And the source of that sweet relief?
Well, of course it's chemistry.
Air conditioners pull off the seemingly magical feat of making the air inside a home, car, or shopping mall deliciously chilly.
Air conditioning -- and refrigeration, which is the same thing just in a slightly smaller box -- rely on the laws of physical chemistry.
And p-chem tells us that as a liquid evaporates into a gas, it absorbs heat.
The molecules in a liquid are held together by weak intermolecular interactions.
Not quite chemical bonds, just enough passing attraction to keep them from flying apart.
Some of the molecules absorb enough heat energy - - in other words, they get moving fast enough - - to overcome these intermolecular attractions, ESCAAAAPE and take gaseous form.

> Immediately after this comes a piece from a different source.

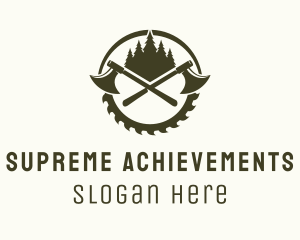 Axe Wood Lumberjack logo design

That's the reason you feel chilly getting out of the shower, and why we sweat to stay cool.
The water has to absorb heat to evaporate.
And it carries that heat away from you.
An air conditioner's basic job, then, is to use a fluid called a refrigerant that constantly changes from a liquid to a gas and back to a liquid again to move heat from one place (your sweaty bedroom) to another (outside, where it's already hot and miserable anyway, so who cares.)
Here's a admittedly very schematic-ified version of how most a/c units work.
The liquid refrigerant flows through a series of coils exposed to the air in your home.
The refrigerant has a low boiling point, so the heat from the interior air is enough to make it turn into a gas.
Which means there's now more heat in the refrigerant, and less in the air.
A fan blows that colder air into your room.
Or straight into your face, we're not judging.
So now your A/C has to do two things: dump the heat absorbed by the refrigerant outside, and two, it has to condense the refrigerant back into a liquid so it can be used again.
And to do those things it uses a compressor to ramp up the pressure on the gaseous refrigerant - - so much that it can condense into a liquid again, even though it's at the warmer outside temperature.
As it condenses, the refrigerant loses heat to the air around it, which another fan blows outside, where it's already all sticky anyway.
Which is a neat trick, boiling something at a low temperature and then condensing it at a high one.
Nothing in thermodynamics is free, and the compressor needs energy to do the work of compressing the refrigerant.
Which may explain your power bills in July.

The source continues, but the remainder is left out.